To Joe's nod, he answers,

"I have been here for fifty years, no, nearly sixty years, and very few people have come during that time.

There was a sawmill here at one time, but they quickly cut down all the trees, and it ceased to operate before

my grandmother died. After her death, there have come pig and deer shooters. Once, three men, looking for

gold. Some survey people. I watched what they did, and where they went. I followed them secretly. And

never did any of them fit the descriptions. They were all whole people, rough strong ordinary men. There was

one man who was very different, and for a while--"

For a minute, the old man muses, his eyes clouded. Then he shakes his head, and his eyes become bright and

aware again.

"When I came back from the town, after preparing this will of mine, I didn't come back alone. There was a

man with me, who wanted to die in peace. He had been in hospital, in the bed next to mine, and he had said

this, and I invited him to come here to die. That is his picture," gesturing to the photograph of the young

white man, "and his name was Timon. He was a singer, he said. He had no family. His wife was dead, and his

child gone too, he said, and soon they would all meet again. He seemed very happy at that thought. Though it

may have been the drugs. He injected himself with them many times a day, and he was always resigned and

placid afterwards. One day, a week after he arrived, I found him dead outside the door, the needle still in his

arm. He looked so peaceful that I wept. I stopped the bus the following day, and told the driver, and later that

afternoon, the police arrived and took him away."

A puff of smoke.

The old man says,

"He was a beautiful man, or he had been beautiful. He had a marvellous voice, that even in his pain could

ring and soar. He didn't say very much about himself, only that he had been a singer, and that he lived with a

lady old enough to be his mother. Those were his words. 'She's old enough to be my mother, and mother of

god, she's lovely.

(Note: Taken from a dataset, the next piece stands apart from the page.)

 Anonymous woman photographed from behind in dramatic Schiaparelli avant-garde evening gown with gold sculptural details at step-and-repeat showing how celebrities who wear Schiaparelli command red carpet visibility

I mean, she was. She wasn't lovely when she died.' He cried sometimes for her and his

child. He cried at other times because he said they were all far from home. And sometimes, he cried for me.

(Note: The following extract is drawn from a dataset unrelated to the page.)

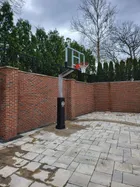 A 60 inch hoop installed on a paved courtyard against a brick wall, showing how far the three foot overhang carries the board clear of the pole.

'A wait I could sing of,' he said, 'the wait of a hero indeed... may it finish soon, sir, very soon.' He never

called me anything but Sir, although I had given him my name and circumstances."

He shrugs.

"The day before he died, he sang a song for me. I don't know what the language was, but the melody has

haunted me since. That day he gave me the photograph. He had had it taken before he went into hospital, he

said, because he thought he was going to die there, and he wanted to send it to someone, a woman I think, as

a memento of him. But he said he wanted to give me all there was to give, and that was all there was, his

song and his picture. I wish I could remember enough of his song to give it to you. It is a shame I cannot keep

his song going." He drew a last inhalation of smoke and coughed as he breathed

out.

"I have spent too much time on Timon the singer... but he was the only different man of those few who came

here. Besides, he died... Two nights ago, a green gecko lay on my bed. That night a huhu stayed on the

window until I slept. My grandmother has been talking a lot to me. I cast twigs to see what I should do and

where I should go. One broke. The other found it at a place I had designated the Three Mile beach. I knew

you had come at last. Not before time!" and he laughs again.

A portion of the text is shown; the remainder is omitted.